Introduction to wordcloud.mappeR


wordcloud.mappeR is a package for R that allows one to create wordclouds shaped like regions in a map. Such visualisations are especially useful when communicating sets of data that consist of many different variables and each variable is attributed to a specific region and size of occurrence. Take the example below, a dataset containing the name of the 100 biggest companies (in terms of estimated number of employees) for each region in Germany and Italy.


The classification of regions used here follows the European Union’s Nomenclature of Territorial Units for Statistics (NUTS), a geocode standard for referencing the subdivisions of countries. The advantage of using this system is that the classification of regions across countries is standardised and hierarchically structured. For instance, Germany has the base code DE (NUTS 0), the state of Bavaria has the code DE2 (NUTS 1), its subregion of Oberbayern has the code DE21 (NUTS 2) and the city of Munich has the code DE212 (NUTS 3). Since each region is given a unique identifier which is directly linked to the regional level above it, it is fairly easy to identify and match any dataset to these regions.

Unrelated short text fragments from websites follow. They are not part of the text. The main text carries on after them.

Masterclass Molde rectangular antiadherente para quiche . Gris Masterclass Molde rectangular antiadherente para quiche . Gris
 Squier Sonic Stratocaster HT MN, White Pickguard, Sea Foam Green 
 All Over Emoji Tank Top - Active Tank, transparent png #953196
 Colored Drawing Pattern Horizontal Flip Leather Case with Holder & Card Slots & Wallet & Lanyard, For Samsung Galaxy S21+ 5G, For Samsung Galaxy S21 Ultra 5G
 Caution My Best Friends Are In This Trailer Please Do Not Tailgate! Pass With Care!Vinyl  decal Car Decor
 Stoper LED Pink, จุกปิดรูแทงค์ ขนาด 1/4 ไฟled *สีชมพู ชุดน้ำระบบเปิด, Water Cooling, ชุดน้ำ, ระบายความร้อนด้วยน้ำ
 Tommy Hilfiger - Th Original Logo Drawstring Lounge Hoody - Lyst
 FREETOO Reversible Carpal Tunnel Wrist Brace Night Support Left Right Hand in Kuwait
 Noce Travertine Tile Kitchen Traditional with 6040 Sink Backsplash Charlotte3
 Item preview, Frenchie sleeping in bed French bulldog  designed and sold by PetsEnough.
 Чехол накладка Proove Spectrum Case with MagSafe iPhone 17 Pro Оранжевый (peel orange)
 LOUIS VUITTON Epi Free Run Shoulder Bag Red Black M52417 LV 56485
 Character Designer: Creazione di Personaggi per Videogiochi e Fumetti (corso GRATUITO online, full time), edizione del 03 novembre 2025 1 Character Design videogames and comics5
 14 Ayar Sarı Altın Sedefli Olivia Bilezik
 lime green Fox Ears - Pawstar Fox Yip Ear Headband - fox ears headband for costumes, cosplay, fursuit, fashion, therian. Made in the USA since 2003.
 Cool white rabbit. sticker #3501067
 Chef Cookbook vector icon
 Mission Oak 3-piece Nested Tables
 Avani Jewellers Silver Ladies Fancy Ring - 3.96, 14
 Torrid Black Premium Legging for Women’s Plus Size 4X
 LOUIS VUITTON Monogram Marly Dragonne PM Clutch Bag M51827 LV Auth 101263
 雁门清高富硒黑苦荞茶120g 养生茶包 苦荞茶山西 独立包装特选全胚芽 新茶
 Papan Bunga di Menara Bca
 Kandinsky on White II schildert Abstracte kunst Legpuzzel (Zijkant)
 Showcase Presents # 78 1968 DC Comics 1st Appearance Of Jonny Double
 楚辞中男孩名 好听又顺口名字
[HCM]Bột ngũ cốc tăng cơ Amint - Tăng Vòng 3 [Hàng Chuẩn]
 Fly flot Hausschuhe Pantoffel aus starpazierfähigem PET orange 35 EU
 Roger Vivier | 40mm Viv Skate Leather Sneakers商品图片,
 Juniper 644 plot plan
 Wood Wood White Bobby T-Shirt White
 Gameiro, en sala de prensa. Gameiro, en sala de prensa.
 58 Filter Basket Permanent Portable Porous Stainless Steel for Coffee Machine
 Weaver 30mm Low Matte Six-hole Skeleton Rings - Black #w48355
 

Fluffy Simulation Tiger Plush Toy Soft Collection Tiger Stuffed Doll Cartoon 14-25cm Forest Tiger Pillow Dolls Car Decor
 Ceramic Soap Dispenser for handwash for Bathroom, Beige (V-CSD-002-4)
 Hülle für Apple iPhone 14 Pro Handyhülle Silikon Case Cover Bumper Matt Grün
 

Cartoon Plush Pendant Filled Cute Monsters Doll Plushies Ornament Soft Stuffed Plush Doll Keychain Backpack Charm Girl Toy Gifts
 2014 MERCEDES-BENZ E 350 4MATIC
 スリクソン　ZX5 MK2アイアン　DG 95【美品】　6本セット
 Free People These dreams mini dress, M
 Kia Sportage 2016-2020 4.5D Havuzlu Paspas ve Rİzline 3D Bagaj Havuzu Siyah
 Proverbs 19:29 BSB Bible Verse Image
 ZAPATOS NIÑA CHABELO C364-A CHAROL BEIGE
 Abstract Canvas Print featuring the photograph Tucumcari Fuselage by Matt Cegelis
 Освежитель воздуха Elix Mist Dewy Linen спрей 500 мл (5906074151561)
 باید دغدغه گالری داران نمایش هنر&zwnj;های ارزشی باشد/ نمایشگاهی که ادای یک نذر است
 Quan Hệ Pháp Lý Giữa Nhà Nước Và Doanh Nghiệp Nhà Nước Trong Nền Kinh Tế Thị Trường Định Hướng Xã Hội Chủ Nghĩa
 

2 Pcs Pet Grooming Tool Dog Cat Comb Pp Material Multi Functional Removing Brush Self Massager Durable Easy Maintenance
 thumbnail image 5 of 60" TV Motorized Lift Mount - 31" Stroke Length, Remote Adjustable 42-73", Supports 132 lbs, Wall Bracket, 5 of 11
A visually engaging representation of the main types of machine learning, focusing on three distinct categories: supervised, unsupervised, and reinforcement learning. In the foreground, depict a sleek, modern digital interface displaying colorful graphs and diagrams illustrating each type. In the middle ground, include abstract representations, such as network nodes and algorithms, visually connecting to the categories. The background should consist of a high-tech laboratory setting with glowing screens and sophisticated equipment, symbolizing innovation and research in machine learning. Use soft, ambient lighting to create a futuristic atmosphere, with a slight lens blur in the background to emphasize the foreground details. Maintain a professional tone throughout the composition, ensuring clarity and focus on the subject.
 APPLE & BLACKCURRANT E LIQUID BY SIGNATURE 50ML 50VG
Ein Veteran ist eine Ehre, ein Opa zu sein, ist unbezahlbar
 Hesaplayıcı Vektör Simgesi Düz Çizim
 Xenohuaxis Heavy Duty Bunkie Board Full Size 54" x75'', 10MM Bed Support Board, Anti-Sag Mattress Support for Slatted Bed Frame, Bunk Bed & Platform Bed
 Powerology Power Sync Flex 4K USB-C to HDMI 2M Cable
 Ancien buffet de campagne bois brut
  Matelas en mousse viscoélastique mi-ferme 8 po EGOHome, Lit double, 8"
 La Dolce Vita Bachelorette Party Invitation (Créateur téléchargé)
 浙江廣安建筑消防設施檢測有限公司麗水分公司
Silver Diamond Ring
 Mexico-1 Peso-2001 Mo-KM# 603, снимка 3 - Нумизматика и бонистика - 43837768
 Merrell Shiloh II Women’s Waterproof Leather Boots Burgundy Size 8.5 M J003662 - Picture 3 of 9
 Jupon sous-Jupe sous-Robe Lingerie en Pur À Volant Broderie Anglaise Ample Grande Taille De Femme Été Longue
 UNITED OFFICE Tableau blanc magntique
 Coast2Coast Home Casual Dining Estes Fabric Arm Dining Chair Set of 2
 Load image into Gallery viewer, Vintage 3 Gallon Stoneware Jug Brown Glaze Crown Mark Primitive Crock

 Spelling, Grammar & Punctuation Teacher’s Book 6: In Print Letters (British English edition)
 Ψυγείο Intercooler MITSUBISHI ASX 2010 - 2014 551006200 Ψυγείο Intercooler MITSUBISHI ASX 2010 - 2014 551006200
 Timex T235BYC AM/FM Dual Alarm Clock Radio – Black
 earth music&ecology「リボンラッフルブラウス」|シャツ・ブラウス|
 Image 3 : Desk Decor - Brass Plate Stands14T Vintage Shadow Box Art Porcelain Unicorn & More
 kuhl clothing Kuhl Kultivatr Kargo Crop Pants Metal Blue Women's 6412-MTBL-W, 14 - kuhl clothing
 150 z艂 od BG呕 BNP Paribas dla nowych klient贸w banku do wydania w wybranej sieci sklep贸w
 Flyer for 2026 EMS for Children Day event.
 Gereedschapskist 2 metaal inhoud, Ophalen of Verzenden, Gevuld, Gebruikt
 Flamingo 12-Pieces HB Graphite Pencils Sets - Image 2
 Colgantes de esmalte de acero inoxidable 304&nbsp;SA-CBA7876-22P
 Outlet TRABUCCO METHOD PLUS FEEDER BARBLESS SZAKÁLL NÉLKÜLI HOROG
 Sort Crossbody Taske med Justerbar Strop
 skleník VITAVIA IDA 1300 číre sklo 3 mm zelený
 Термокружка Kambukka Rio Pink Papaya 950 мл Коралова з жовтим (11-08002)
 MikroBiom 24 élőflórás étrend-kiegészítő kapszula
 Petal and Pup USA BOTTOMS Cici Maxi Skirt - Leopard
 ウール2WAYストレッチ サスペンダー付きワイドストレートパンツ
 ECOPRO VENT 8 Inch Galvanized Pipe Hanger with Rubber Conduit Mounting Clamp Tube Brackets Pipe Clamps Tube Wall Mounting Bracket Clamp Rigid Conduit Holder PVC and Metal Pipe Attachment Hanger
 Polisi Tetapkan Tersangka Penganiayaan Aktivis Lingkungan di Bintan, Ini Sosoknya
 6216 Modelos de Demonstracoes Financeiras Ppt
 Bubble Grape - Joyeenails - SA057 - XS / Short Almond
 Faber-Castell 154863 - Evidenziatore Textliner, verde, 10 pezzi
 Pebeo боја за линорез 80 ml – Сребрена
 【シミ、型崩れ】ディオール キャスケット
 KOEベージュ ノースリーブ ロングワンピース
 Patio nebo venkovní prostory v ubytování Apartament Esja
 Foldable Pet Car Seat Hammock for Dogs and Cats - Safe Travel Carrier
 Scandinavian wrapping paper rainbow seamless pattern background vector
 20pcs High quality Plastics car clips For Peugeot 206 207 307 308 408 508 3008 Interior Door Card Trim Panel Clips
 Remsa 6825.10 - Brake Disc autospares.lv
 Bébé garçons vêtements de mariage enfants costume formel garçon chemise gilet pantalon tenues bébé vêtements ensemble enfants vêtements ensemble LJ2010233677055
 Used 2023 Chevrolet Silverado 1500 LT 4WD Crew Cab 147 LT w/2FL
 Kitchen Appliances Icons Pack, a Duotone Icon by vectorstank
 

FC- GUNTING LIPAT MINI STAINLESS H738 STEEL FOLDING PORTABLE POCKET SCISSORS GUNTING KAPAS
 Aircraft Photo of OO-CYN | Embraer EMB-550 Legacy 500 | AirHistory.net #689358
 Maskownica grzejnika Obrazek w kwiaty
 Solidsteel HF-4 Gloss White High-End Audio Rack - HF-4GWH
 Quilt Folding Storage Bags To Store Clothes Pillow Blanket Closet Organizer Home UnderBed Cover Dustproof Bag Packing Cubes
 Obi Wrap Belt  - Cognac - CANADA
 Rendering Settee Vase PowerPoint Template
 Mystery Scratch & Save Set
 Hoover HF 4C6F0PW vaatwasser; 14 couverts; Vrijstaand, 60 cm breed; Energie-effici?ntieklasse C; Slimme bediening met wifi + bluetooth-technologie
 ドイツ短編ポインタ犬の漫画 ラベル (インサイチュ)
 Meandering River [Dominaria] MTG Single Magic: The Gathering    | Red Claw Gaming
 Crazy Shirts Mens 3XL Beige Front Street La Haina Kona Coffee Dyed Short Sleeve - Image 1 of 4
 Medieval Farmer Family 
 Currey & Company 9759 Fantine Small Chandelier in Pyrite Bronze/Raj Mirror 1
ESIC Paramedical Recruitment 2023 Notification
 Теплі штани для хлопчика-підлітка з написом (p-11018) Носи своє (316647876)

However, this means that this package currently only works for creating wordcloud maps for EU countries. For an overview of the NUTS regions and levels, you can browse the available maps for each EU country or use this interactive map instead. If you have a dataset containing postcodes and want to convert these to NUTS regions, you can find the correspondence tables here.



How to use wordcloud.mappeR


Installing the package

Currently the package can only be installed through Github. We plan on publishing it to CRAN some time soon.

# install through Github
devtools::install_github("GabZech/wordcloud.mappeR")
# load the package
library(wordcloud.mappeR)



The input data

Format

The input data must be in the format of a table (i.e. data frame, tibble) containing three columns with the following data types:

  1. A character column with words (e.g. the name of the companies)
  2. A numeric column with numbers (e.g. the number of employees)
  3. A character column with NUTS region codes (e.g. the states of a country)

Therefore, this is the minimal structure that the input data requires:



Datasets included in the package

There are currently two datasets included in the package which we’ve obtained by transforming parts of the 2019 Global Company Dataset made freely available by People Data Labs here. The original dataset contains an estimation of the number of employees in 2019 for over 7 million companies around the world. From this, we produced the following subsets:

  • companies_DEU contains the 100 companies with the largest estimated number of employees for each state (NUTS 1) in Germany.
  • companies_ITA containes the same type fo data but for the regions (NUTS 2) in Italy.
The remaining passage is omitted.